Exploring space: Our next evolutionary step

Columnist  | Aakar Patel

Opinion, Oped

The next step in such a scale would be to make life and consciousness multi-planetary.

Prime Minister Narendra Modi interacts with ISRO Chairman Kailasavadivoo Sivan after connection with the Vikram lander was lost during soft landing of Chandrayaan 2 on lunar surface, in Bengaluru on Saturday. (Photo: PTI)

If we view life on the evolutionary scale, what are the important milestones? They would be the first appearance of life, in single cells, over 3.5 billion years ago (meaning 350 crore years). The next step would be multicellular life, then the development of mammals and other more complex creatures. Then the movement of life from the oceans to land, and then the development of consciousness. This would bring us to the present time.

What would the next step on such a scale be? It becomes clear that things like art and culture and language are irrelevant when we look at life on our planet through the evolutionary lens. All the wars that mankind has fought and all of our history in the way that it is taught and understood is not significant any more. All the great men and women of history also become irrelevant.

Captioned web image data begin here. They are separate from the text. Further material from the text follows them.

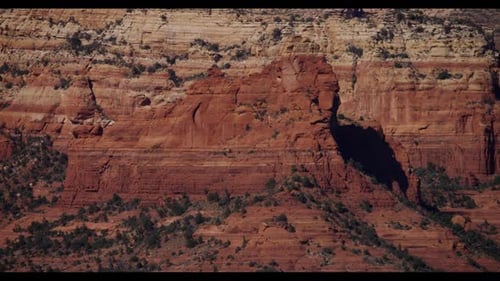 Sedona 132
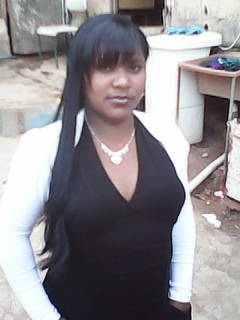 so eu e prontoo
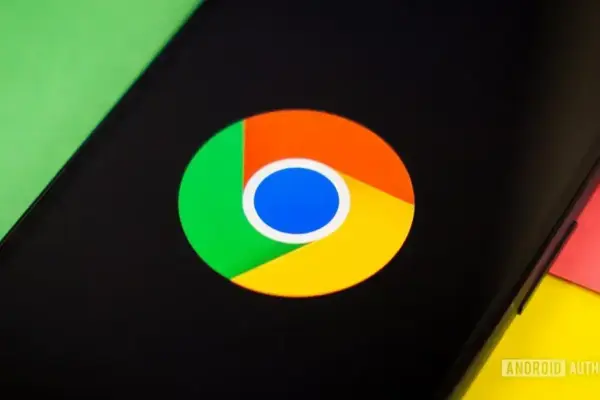 Bug no Chrome trava tablets Android após atualização e gera frustração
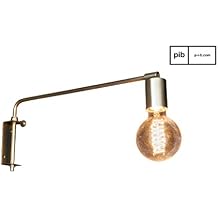 Suchergebnis Auf Amazon De Fur Bloomingville Lampe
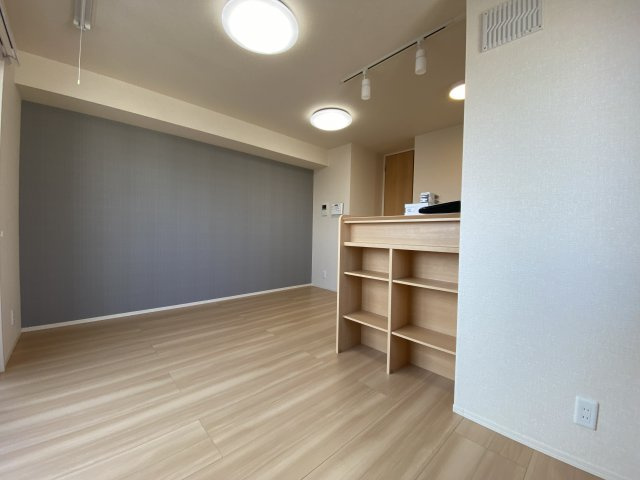 レヴァージュのその他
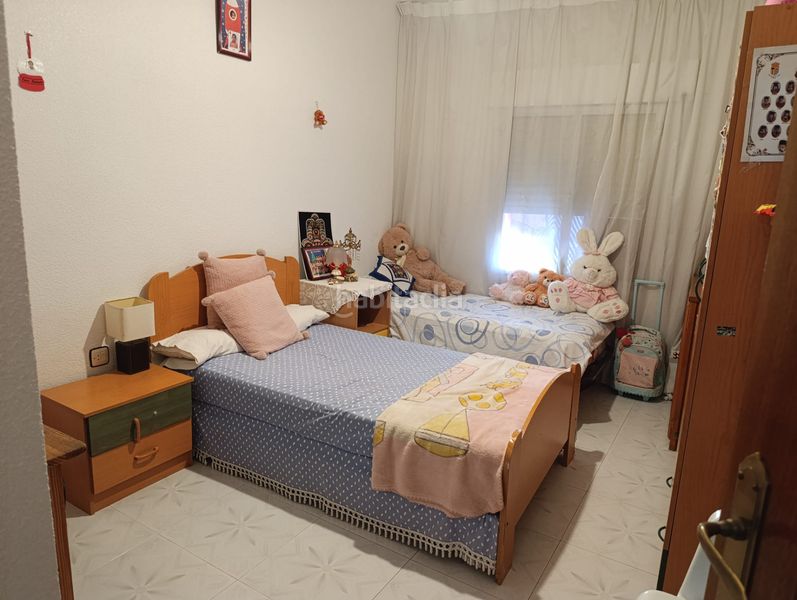 Foto a71750ee-fbd5-4ea8-b57d-d85d442bbec5. Pis a Mora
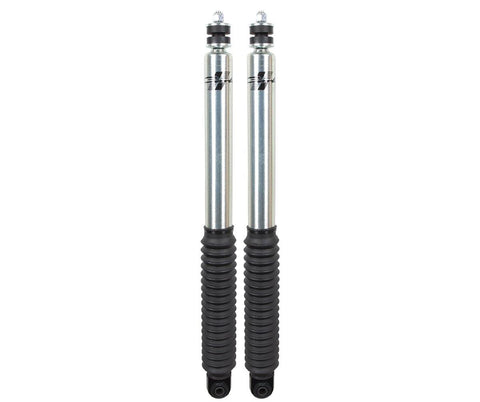 Carli Dodge Ram 1994-2012 2500/3500 Front Signature Series Leveling Shocks - CJC Off Road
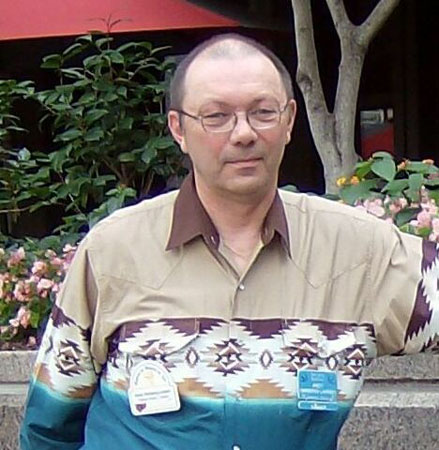 Himberg-Larsen_Andy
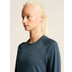 Craft Core DryActive Comfort Longsleeve Damen 3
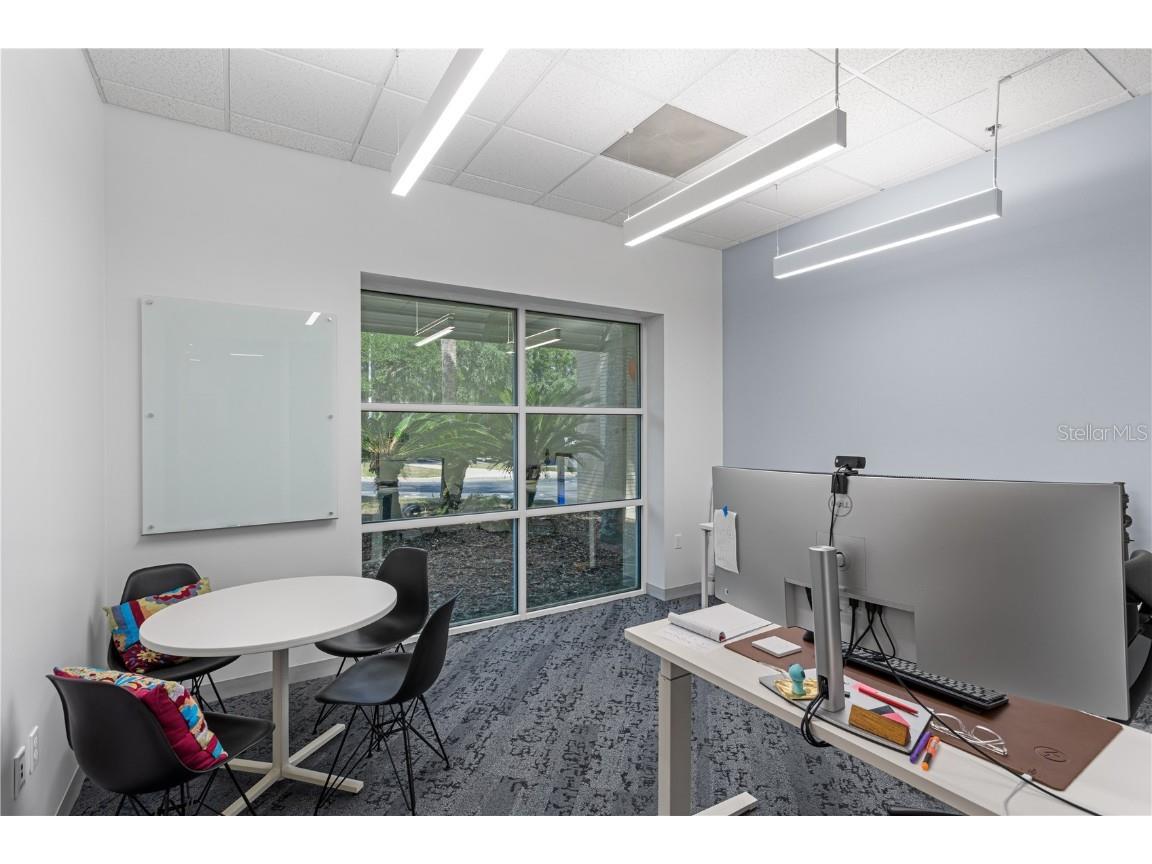 7525 NW 4th Boulevard Gainesville FL 32607 GC534440 image23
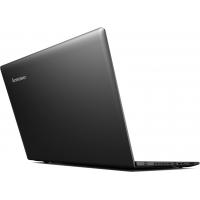 Ноутбук Lenovo IdeaPad 300-17 Фото 7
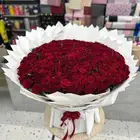 معلم ومنسق وروود وهدايا للتواصل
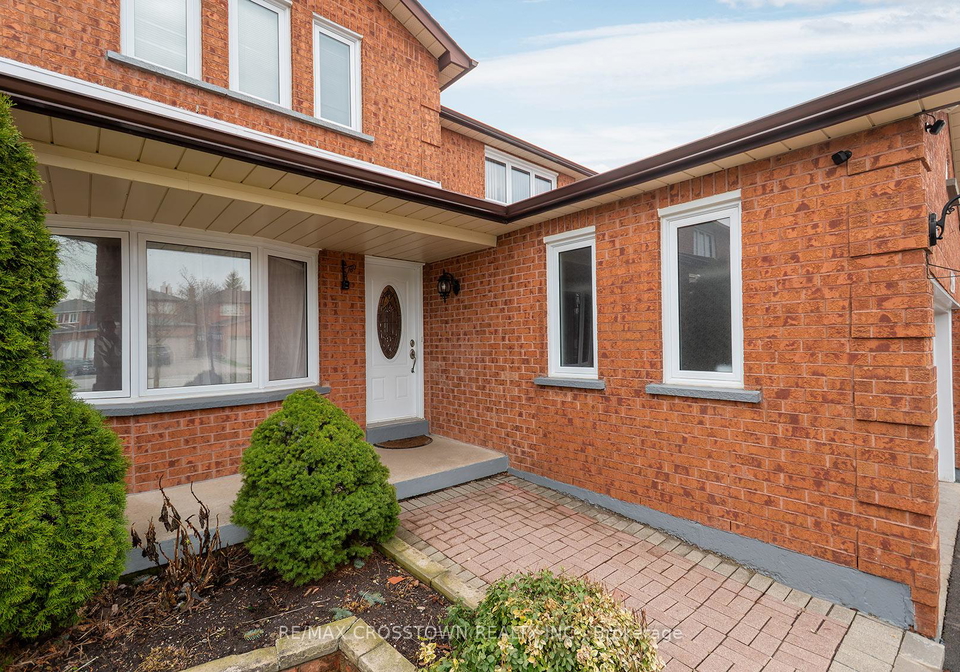 119-fieldgate-drive-vaughan-ontario-n13004776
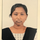 Divya Nagu Mallipudi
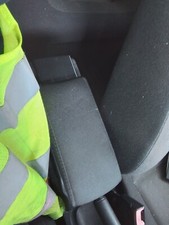 Centre armrest lid for sale  DONCASTER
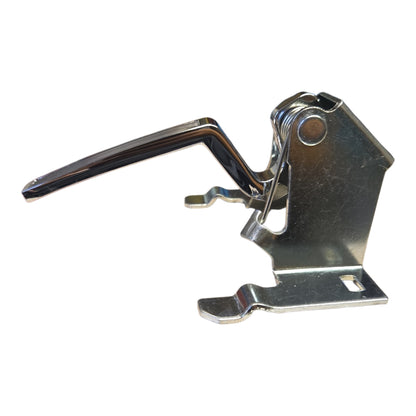 Handle, 1978-1988 G Body Inner Door Handle - LH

The next step in such a scale would be to make life and consciousness multi-planetary. Meaning to take it beyond earth and develop human civilisation on other planets in our solar system and then the galaxy and then even beyond. When we view history and evolution and ambition in this way, many things will cease to have meaning. Our current problems with one another and our differences over nations and religions seem petty and meaningless.

We should view the failure of Chandrayaan-2 from this angle. It was meant to see how much water in ice form existed on the moon. A base on the moon for humans — which will be the first step for multi-planetary life — will require being able to find and use the moon’s water.

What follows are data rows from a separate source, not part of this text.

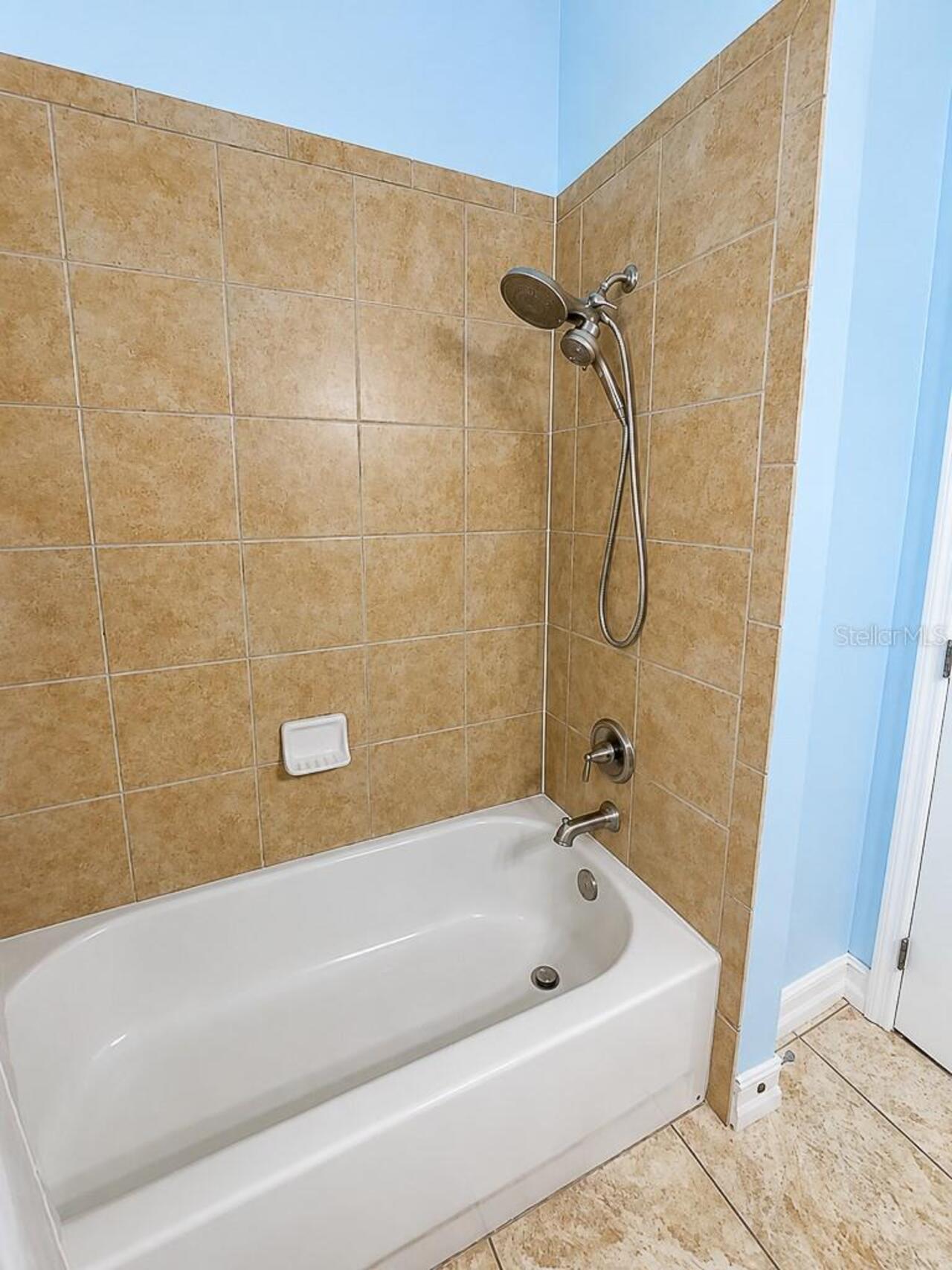 Listing Photo 46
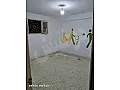 للايجار قبو شامي يصلح روضة او مركز 200م/الحسكة _مرشو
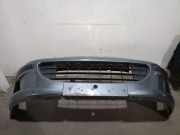 Stoßstange Vorne 7401RA Peugeot 407 (6D) Limousine 2.0 16V (EW10J4(RFN))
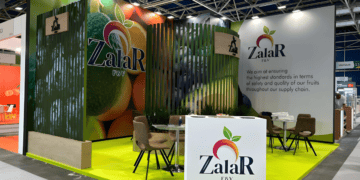 Zalar Farms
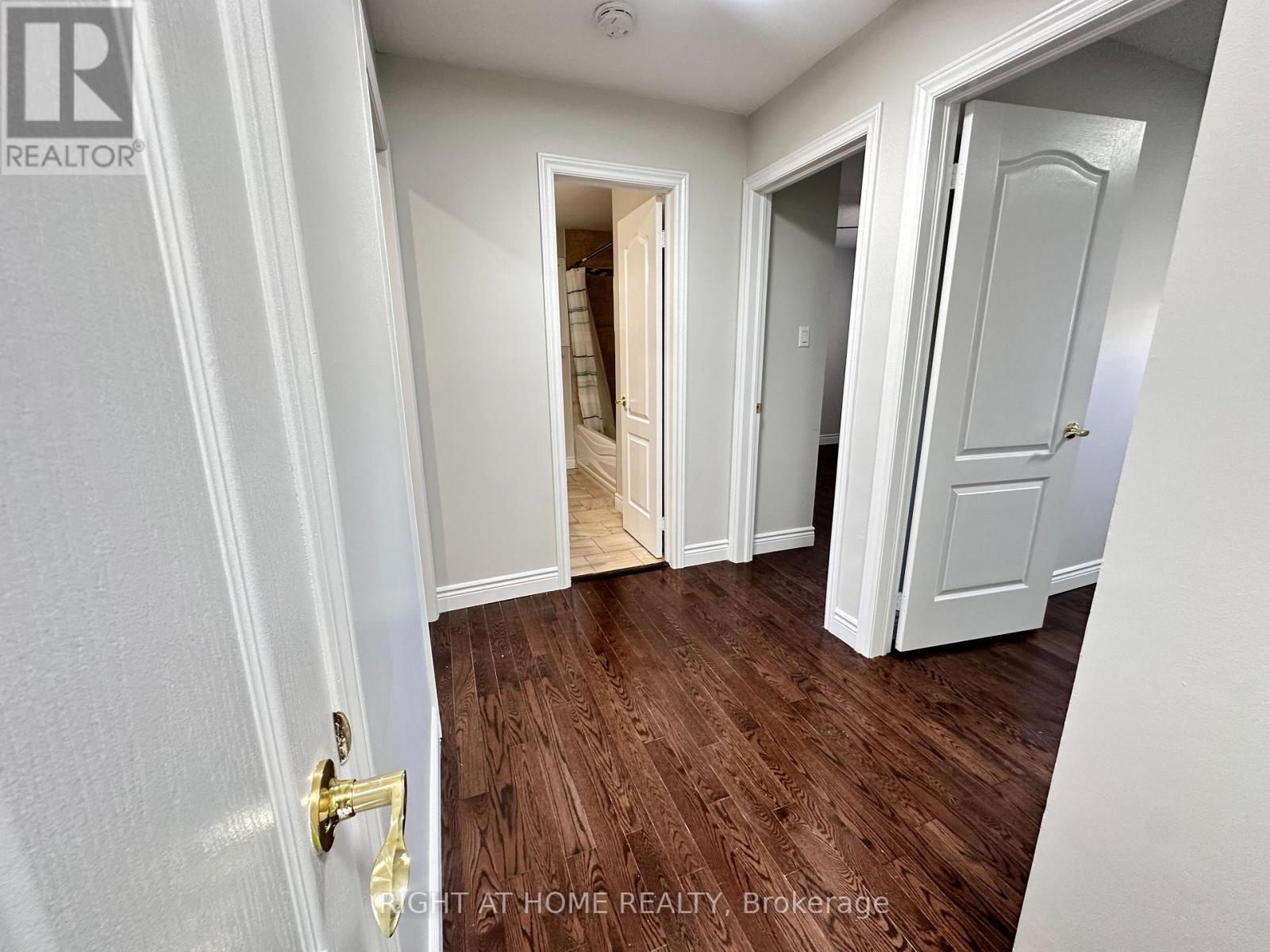 1791 Princelea Place, Mississauga, Ontario  L5M 3R9 - Photo 10 - W13702920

The earth’s gravity well is too strong for us to take everything we will need on long space journeys. Less than 10 per cent of the weight of a rocket can be finally lifted into orbit. The other 90 per cent is expensed as fuel and containers in the first few minutes. This is because going into orbit means achieving a speed of 28,000 km per hour. If an object in space is travelling at less than that speed, it will be pulled back into earth by gravity.

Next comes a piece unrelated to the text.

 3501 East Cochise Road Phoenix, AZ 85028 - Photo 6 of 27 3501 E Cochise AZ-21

If we are to make journeys of four years or more (the minimum it will take for man to go to Mars and come back) then the food and water and fuel cannot all be taken with us. They will have to be taken or grown or made somewhere else.

Many of us are not fans of government expenditure in poor nations on vanity projects, but there are other things to be considered here.

I have written before about how the exploring of space is also a way for all of us to have more open minds. And thinking about evolution and its scale and how space travel fits into that will definitely change the perspective of many of us on the current issues.

A failed attempt is a failure and a loss only if we learn nothing from it. Space is dangerous and there will be many failed attempts as we try to use mankind’s ingenuity to take the next evolutionary step. The first time ever that such a step will be taken deliberately and not by an accident of nature.

The world’s largest space company SpaceX was the first private entity to put a rocket into orbit a little over 10 years ago. It failed in its first three attempts and only had enough money to make a fourth and final attempt, which succeeded. Today, only a decade later, the company is on the absolute cutting edge of what is happening in the field and is preparing giant rockets to take man to Mars.

In the modern world, technologies are improving at an exponential rate because of the power of computers. Great things will be achieved in our lifetimes, and in fact only in a few years, that at this moment we cannot even comprehend or imagine.

Eventually, earth will not be capable of supporting life, and this is a fact. An extinction event, whether an asteroid collision or some other natural disaster will end life on earth. If nothing else, we can be assured that in a few billion years, the sun will lose its energy and expand to become a red giant, destroying earth.

The only way for humans and conscious life to survive will be to go out into the universe. We must see the attempts by Isro and Nasa and the Chinese space agency (the world’s most active one in 2019) and SpaceX together jointly as the efforts of mankind.